Figure 1 shows the effect of normalization on the relative enrichment between pairs of samples. We see that log-ratio of normalization factors passes through the centre of the cloud of background regions in each plot, indicating that the bias has been successfully identified and removed.

bin.ab <- scaledAverage(bins)
adjc <- calculateCPM(bins, use.norm.factors=FALSE)

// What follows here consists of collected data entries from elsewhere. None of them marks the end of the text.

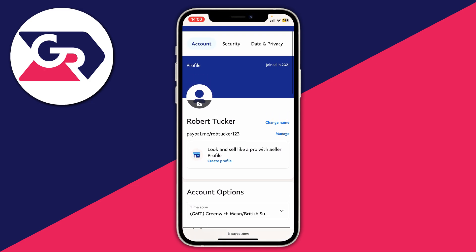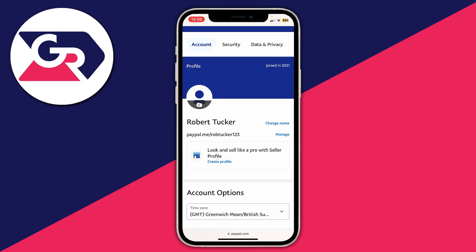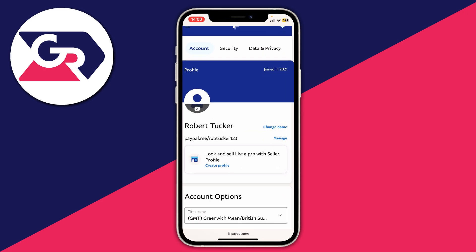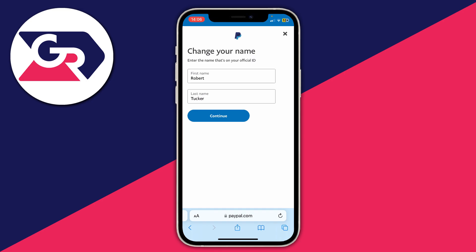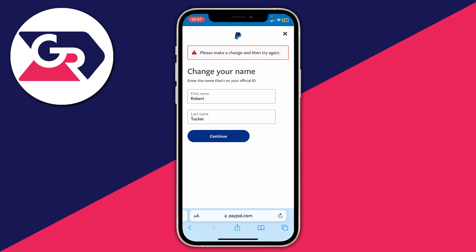In your account settings, under the section called Profile — this also applies on a computer — you can see your name. Go to the right of your name and you'll see the option for 'Change Name', available on both PayPal on a computer and a mobile device. Tap 'Change Name' and enter the name you want. Make sure it matches your official ID — not a nickname — because PayPal may ask to verify your account using a government ID like a passport, a driving license, or other information. Then tap Continue.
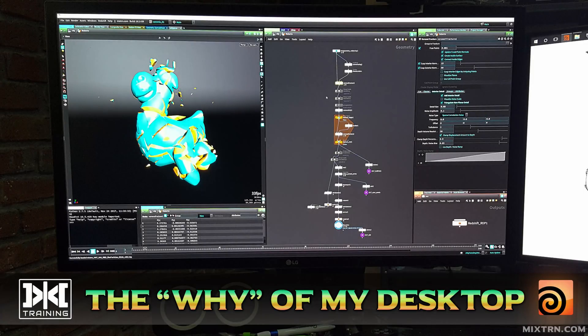Hello, welcome to Mixed Training. This is Betamix and today I'm going to show you why I use the desktop that I use.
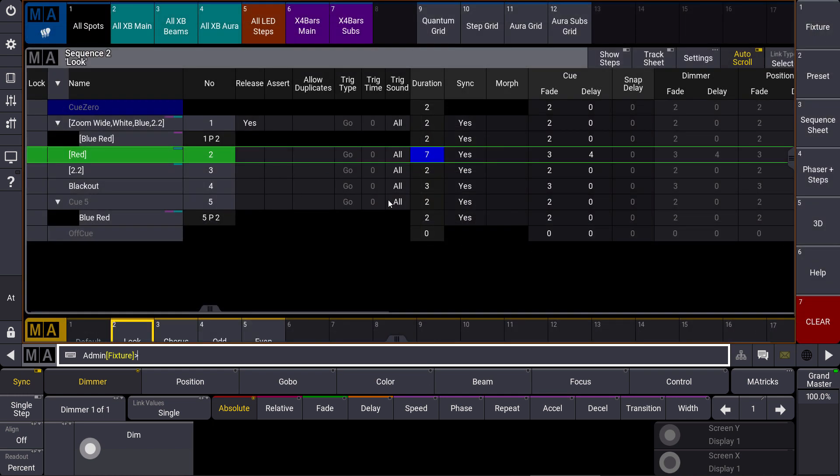You can also use this for a different sequence. So if you want to change the timing in a specific cue in a different sequence, then you can just say time X cue 5 sequence 3, for example.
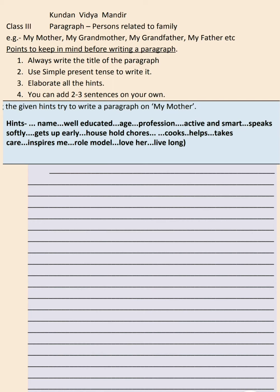Homemaker means staying at home and doing the household jobs. Then active and smart — these are the qualities. Speak softly — how does she speak. Gets up early — when does she get up. Household chores — that means the mother does the household chores.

par(cex.lab=1.5, mfrow=c(1,3))
smoothScatter(bin.ab, adjc[,1]-adjc[,2], ylim=c(-6, 6),
    xlab="Average abundance", ylab="Log-ratio (1 vs 2)")
abline(h=log2(normfacs[1]/normfacs[4]), col="red")

smoothScatter(bin.ab, adjc[,1]-adjc[,3], ylim=c(-6, 6),
    xlab="Average abundance", ylab="Log-ratio (1 vs 3)")
abline(h=log2(normfacs[2]/normfacs[4]), col="red")

smoothScatter(bin.ab, adjc[,1]-adjc[,4], ylim=c(-6, 6),
    xlab="Average abundance", ylab="Log-ratio (1 vs 4)")
abline(h=log2(normfacs[3]/normfacs[4]), col="red")
Mean-difference plots for the bin counts, comparing sample 1 to all other samples. The red line represents the log-ratio of the normalization factors between samples.

Figure 1: Mean-difference plots for the bin counts, comparing sample 1 to all other samples. The red line represents the log-ratio of the normalization factors between samples.

5 Filtering of low-abundance windows

We estimate the global background and remove low-abundance windows that are not enriched above this background level. To retain a window, we require it to have at least 2-fold more coverage than the average background. This is less stringent than the thresholds used in previous analyses, owing the weaker enrichment observed for diffuse marks.

filter.stat <- filterWindowsGlobal(win.data, bins)
min.fc <- 2 

Figure 2 shows that chosen threshold is greater than the abundances of most bins in the genome, presumably those corresponding to background regions. This suggests that the filter will remove most windows lying within background regions.

hist(filter.stat$back.abundances, main="", breaks=50,
    xlab="Background abundance (log2-CPM)")
threshold <- filter.stat$abundances[1] - filter.stat$filter[1] + log2(min.fc)
abline(v=threshold, col="red")
Histogram of average abundances across all 10 kbp genomic bins. The filter threshold is shown as the red line.

Figure 2: Histogram of average abundances across all 10 kbp genomic bins. The filter threshold is shown as the red line.

We filter out the majority of windows in background regions upon applying a modest fold-change threshold. This leaves a small set of relevant windows for further analysis.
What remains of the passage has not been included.